Chainsawing!?

Discussion in 'The Great Outdoors' started by huckle, Aug 8, 2010.

  1. huckle

    huckle New Member

    270
    Jan 15, 2010
    I just like to chainsaw! How about that?! :D

    A chilly day in November, coffee, donuts and a sharp chain - woooweee - hard to beat that!
     
  2. burley

    burley Well-Known Member

    Nov 26, 2006
    Kansas
    Chainsawing, like this  :eek:


    [ame]http://www.youtube.com/watch?v=HyiTLIokW54&NR=1[/ame]

    ;D
     

  3. huckle

    huckle New Member

    270
    Jan 15, 2010
  4. lop

    lop Well-Known Member

    May 20, 2008
    Hey Huckle, have I got a deal for you.... ;D
    Yeah, I like cutting wood, splitting wood, backing up to a woodstove on a cold day (by GA standards, come on, that's all I have any more). I heat with wood and a few electric radiators in bathrooms and such. My shoulder/elbow has been on the fritz lately and I'm a bit behind on my cutting. There are about 50 trees along my driveway and the neighbors yard I'm pulling down. 'Bout half way there. I've got power lines down the drive and his stuff both within tree fall distance and it has been a bit of a puzzle. The first fifteen trees or so were tricky just figuring out what fell when and where. I've determined that the average stick of firewood gets picked up 9 times, a cord weighs 4000 lbs, and I burn 4-5 cord a year.
    To those of you that might want to brag on just how cold your winters are, go for it. I was born and raised in upstate NY (Syracuse & Vestal). My folks lived up there all thier lives. My Dad was working for IBM and requested a transfer (didn't get along with his boss).

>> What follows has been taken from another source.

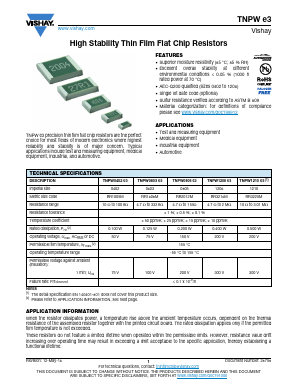 TNPW04022K49BEED Datasheet PDF Vishay Semiconductors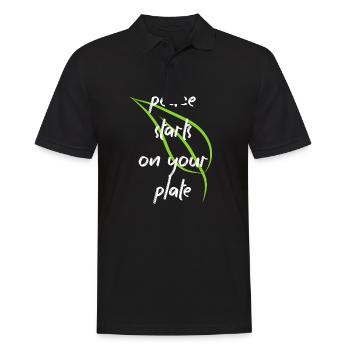 Vegan Veganer Tierschutz Vegetarier Vegetarisch - Männer Poloshirt - Schwarz - Vorne - Kai (181cm)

They said sure (IBM stands for I've been moved), we can use you in Rochester MN or Atlanta GA. My Dad's no idiot. We moved south in the late 70's. I do miss the XCountry skiing though.
    Lets see, things I've learned about chainsaws...
    The only way to get an acceptable cut from a chiansaw is when it is off, usually when the file slips and you punch your thumb into the tooth.
    Like firearms and tablesaws, ZERO alchol, not when tired, dont' over do it.
    Firewood heats you twice, once when you make it, then again when you burn it.
    Pine is good to burn.
    Chimbly fires are bad, keep your flue cleaned.
    Makeing firewood is a exersize in material handling, the first rule of material hadling is Don't, unless you have to. If I cut a tree that is near my portch, I'll split it by hand there, and stack it there, instead of draging it up to my splitter and regular wood pile.
    The best wood to have on your pile is all kinds, big, small, some greener, most seasoned. Some pine. you go thru the most kindling in the spring and fall.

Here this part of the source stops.